• GIVEN INFORMATION:
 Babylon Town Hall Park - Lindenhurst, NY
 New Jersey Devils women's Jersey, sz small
---
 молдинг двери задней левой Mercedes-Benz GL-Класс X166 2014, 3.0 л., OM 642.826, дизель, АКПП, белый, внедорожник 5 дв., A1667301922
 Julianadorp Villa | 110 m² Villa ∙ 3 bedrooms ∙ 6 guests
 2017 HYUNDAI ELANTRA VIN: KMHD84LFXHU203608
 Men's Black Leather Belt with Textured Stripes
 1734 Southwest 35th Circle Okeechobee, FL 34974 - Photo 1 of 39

• WHAT NEEDS TO BE DONE:
Look above for the line holding "2017 HYUNDAI ELANTRA VIN: KMHD84LFXHU203608" and the line holding "1734 Southwest 35th". Retype both, and every line between them, word for word and nothing else.

• REPLY:
 2017 HYUNDAI ELANTRA VIN: KMHD84LFXHU203608
 Men's Black Leather Belt with Textured Stripes
 1734 Southwest 35th Circle Okeechobee, FL 34974 - Photo 1 of 39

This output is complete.